Read and comment on this article written by Swaziland RPCV Jack G. Conrad on the Memorial Service for the 254 Peace Corps Volunteers who have died in service held at Arlington Cemetery on June 23 at:

For the Peace Corps Fallen*

* This link was active on the date it was posted. PCOL is not responsible for broken links which may have changed.

For the Peace Corps Fallen

This past Sunday was sunny and steamy hot in Washington, D.C. In the morning, hundreds of Returned Peace Corps Volunteers assembled beside the Lincoln Memorial. There they distributed among themselves flags from each of the countries in which the Peace Corps has served - 135 in all. They then marched, led by the flag bearers, in reverent tribute across the Potomac River to Arlington National Cemetery. At the cemetery they mounted the large hill before them, veering to the right in order to pay their respects to the agency's founder, at the grave of President John F. Kennedy. Then they continued on to the top of the hill and the amphitheater beside the Tomb of the Unknown Soldier. That's where the remembrance ceremony began.

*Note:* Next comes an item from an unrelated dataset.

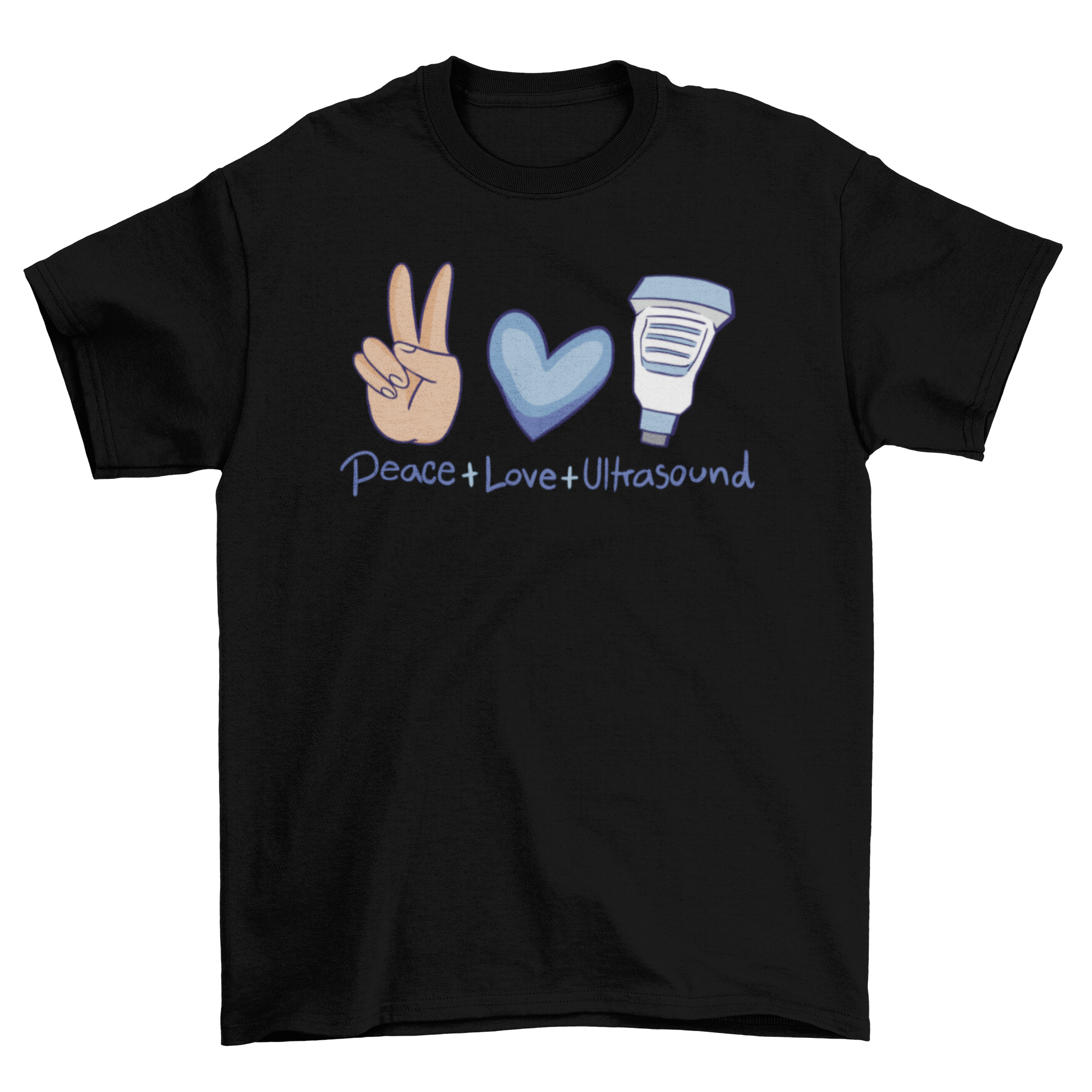 Healthcare ultrasound t-shirt featuring a hand, heart, and ultrasound machine design.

A quartet of Washington, D.C. police officers, called "Prophecy," started the commemoration with gospel music. Then Pat Reilly, President of the National Peace Corps Association Board, stood at the podium, recalling her first encounter with the Peace Corps ("You can't send me to Sierra Leone. I don't speak Spanish! Besides, I wanted to go to Africa!"). Following the assembled volunteers' singing of America the Beautiful, a Rabbi and an Imam shared their prayers with the audience, prayers for the work of the Peace Corps, prayers for Peace. Pat Reilly returned to the stage to share a poem dedicated to those volunteers who gave their lives during their service. Presented below, it packed a punch. Then an unscheduled guest took the stage, newly confirmed Peace Corps Director, Gaddy Vasquez. He shared his brief remarks about the organization, its heightened importance, and again, reverence for those who never returned from their assignments - 254 individuals in all. He disclosed that he thinks about them every day---upon entering and leaving the Peace Corps Office---as there is a large panel with the names of the departed just beside the entrance ...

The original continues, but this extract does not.